Interface ISequenceEncoder

  • All Known Implementing Classes:
    NoEncoder, TrimInfixAndSuffixEncoder, TrimPrefixAndSuffixEncoder, TrimSuffixEncoder

    public interface ISequenceEncoder
    The logic of encoding one sequence of bytes relative to another sequence of bytes. The "base" form and the "derived" form are typically the stem of a word and the inflected form of a word.

    Derived form encoding helps in making the data for the automaton smaller and more repetitive (which results in higher compression rates).

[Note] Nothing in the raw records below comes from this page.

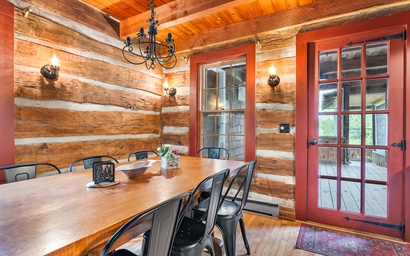 Log Cabin on Kangaroo Lake 9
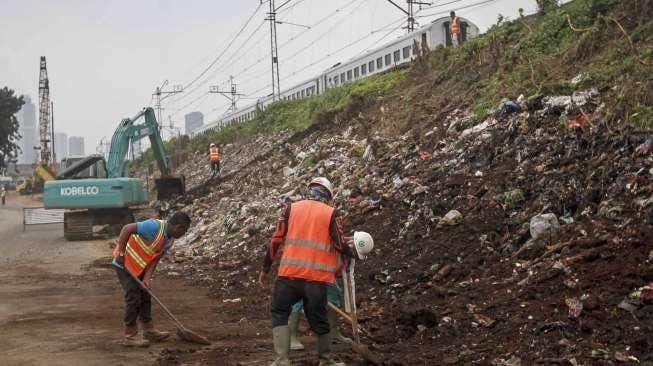 Sejumlah pekerja tampak melanjutkan pembangunan proyek double-double track (DDT) Paket A antara Manggarai-Jatinegara, Jakarta, Sabtu (10/9/2016). [Suara.com/Kurniawan Mas'ud]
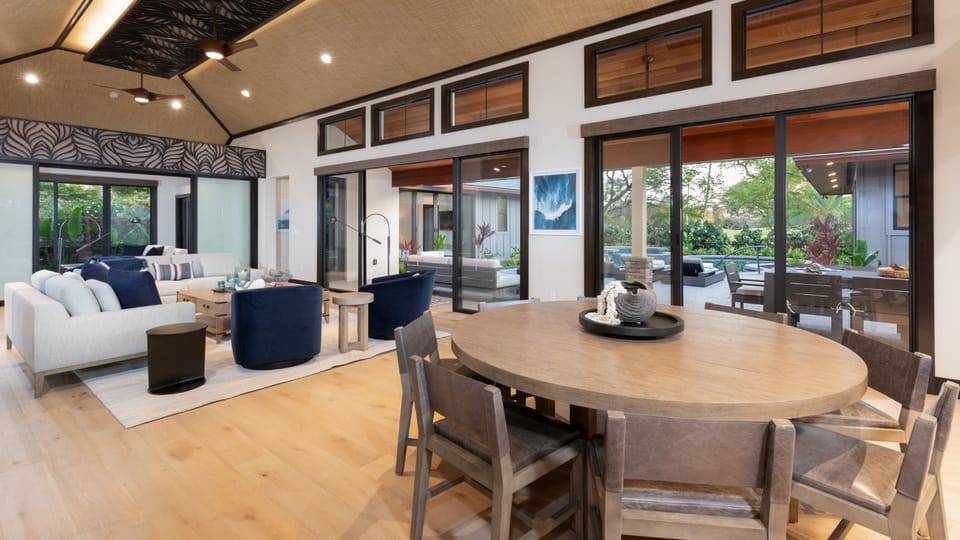 Large dining area that can be formal or casual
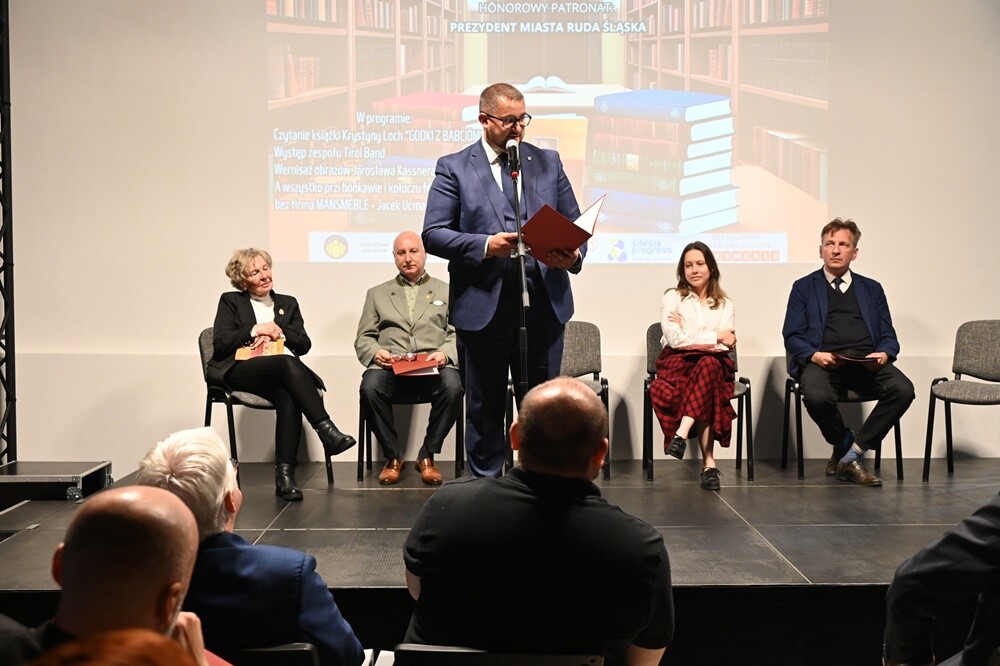 III edycja „Niy ino godomy, ale tyż czytomy” w Stacji Biblioteka. / fot. UM Ruda Śląska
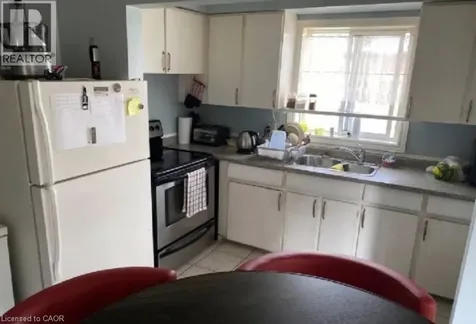 31 Southdale Avenue Kitchener ON N2M 3V4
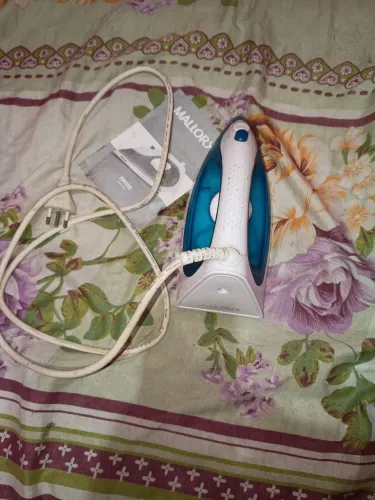 Ferro de passa a vapor nunca foi usada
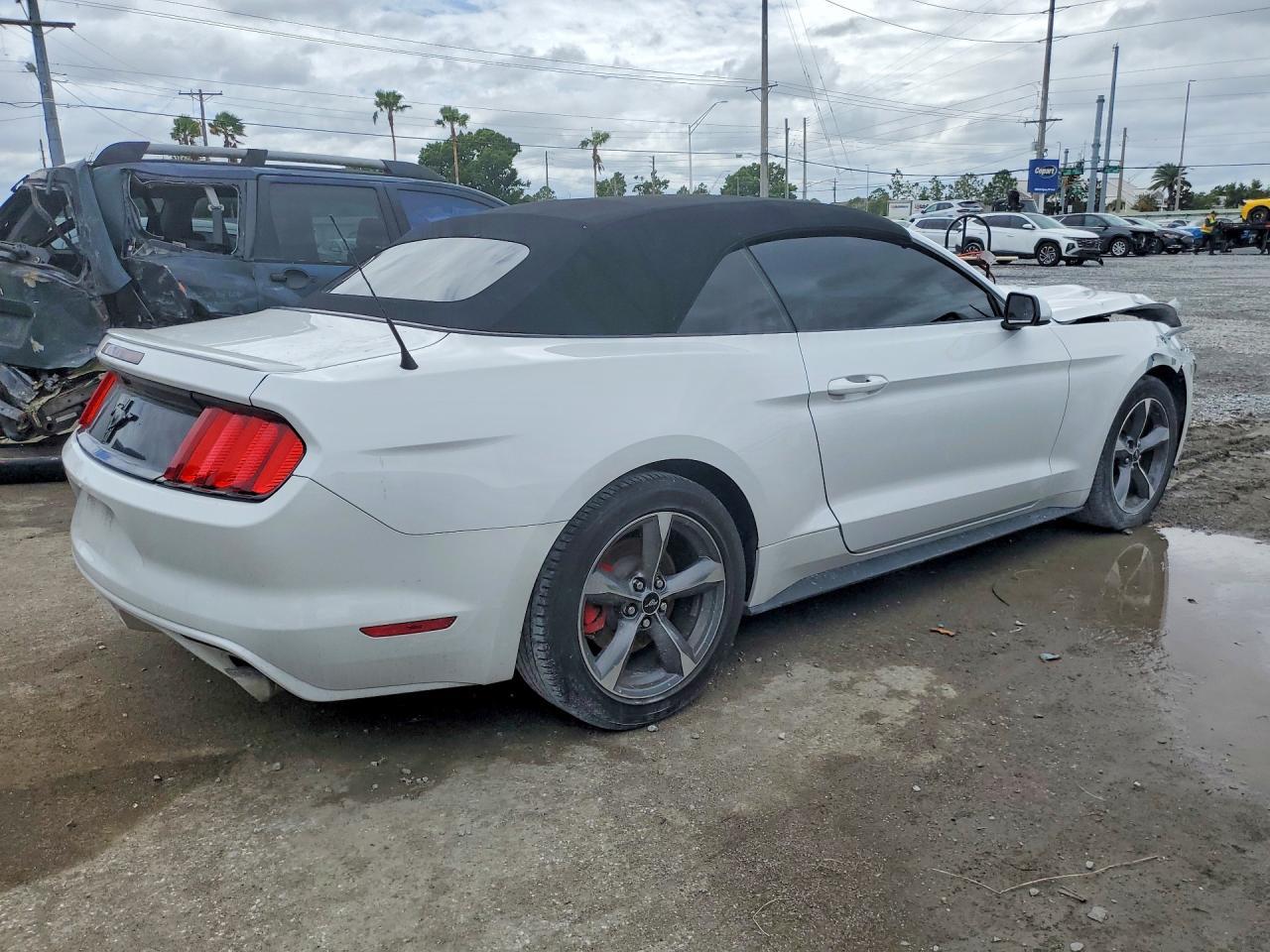2015 Ford Mustang - Image 3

    See example implementation for details.

    • Method Detail

      • encode

        ByteBuffer encode​(ByteBuffer reuse,
                          ByteBuffer source,
                          ByteBuffer target)
        Encodes target relative to source, optionally reusing the provided ByteBuffer.
        Parameters:
        reuse - Reuses the provided ByteBuffer or allocates a new one if there is not enough remaining space.
        source - The source byte sequence.
        target - The target byte sequence to encode relative to source
        Returns:
        Returns the ByteBuffer with encoded target.
      • prefixBytes

        @Deprecated
        int prefixBytes()
        Deprecated.
        The number of encoded form's prefix bytes that should be ignored (needed for separator lookup). An ugly workaround for GH-85, should be fixed by prior knowledge of whether the dictionary contains tags; then we can scan for separator right-to-left.
        See Also:
        "https://github.com/morfologik/morfologik-stemming/issues/85"